Exercise instructions = Let the line containing "Rolex Date Just" serve as the first line of the answer and the final line of the entries as its last, with every line between copied exactly.

◇ ◇ ◇ ◇ ◇

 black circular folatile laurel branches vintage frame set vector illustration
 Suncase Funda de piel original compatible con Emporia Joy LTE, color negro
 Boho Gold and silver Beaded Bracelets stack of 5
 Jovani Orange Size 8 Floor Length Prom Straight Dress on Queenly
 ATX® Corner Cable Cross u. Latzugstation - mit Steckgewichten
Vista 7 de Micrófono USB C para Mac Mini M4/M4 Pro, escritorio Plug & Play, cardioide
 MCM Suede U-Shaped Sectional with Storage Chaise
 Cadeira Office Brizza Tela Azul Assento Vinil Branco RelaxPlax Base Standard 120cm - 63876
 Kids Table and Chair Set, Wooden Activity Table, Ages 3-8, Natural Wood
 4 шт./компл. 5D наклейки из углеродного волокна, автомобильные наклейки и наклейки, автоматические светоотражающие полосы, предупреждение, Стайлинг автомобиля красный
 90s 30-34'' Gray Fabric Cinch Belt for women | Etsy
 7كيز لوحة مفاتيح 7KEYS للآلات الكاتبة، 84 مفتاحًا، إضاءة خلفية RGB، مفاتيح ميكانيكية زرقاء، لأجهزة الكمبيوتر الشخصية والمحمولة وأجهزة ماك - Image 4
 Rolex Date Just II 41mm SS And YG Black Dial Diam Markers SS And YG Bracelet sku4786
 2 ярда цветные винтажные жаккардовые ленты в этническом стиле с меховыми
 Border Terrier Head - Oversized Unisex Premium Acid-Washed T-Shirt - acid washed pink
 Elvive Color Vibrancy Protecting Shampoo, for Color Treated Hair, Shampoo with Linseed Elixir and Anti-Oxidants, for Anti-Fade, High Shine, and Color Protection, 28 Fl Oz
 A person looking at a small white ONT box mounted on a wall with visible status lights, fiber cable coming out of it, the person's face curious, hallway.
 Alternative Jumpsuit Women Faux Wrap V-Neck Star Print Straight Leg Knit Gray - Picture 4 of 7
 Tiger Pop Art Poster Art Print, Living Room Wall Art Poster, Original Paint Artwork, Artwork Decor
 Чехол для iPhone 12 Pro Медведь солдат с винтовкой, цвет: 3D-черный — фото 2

◇ ◇ ◇ ◇ ◇

Output for this exercise =
 Rolex Date Just II 41mm SS And YG Black Dial Diam Markers SS And YG Bracelet sku4786
 2 ярда цветные винтажные жаккардовые ленты в этническом стиле с меховыми
 Border Terrier Head - Oversized Unisex Premium Acid-Washed T-Shirt - acid washed pink
 Elvive Color Vibrancy Protecting Shampoo, for Color Treated Hair, Shampoo with Linseed Elixir and Anti-Oxidants, for Anti-Fade, High Shine, and Color Protection, 28 Fl Oz
 A person looking at a small white ONT box mounted on a wall with visible status lights, fiber cable coming out of it, the person's face curious, hallway.
 Alternative Jumpsuit Women Faux Wrap V-Neck Star Print Straight Leg Knit Gray - Picture 4 of 7
 Tiger Pop Art Poster Art Print, Living Room Wall Art Poster, Original Paint Artwork, Artwork Decor
 Чехол для iPhone 12 Pro Медведь солдат с винтовкой, цвет: 3D-черный — фото 2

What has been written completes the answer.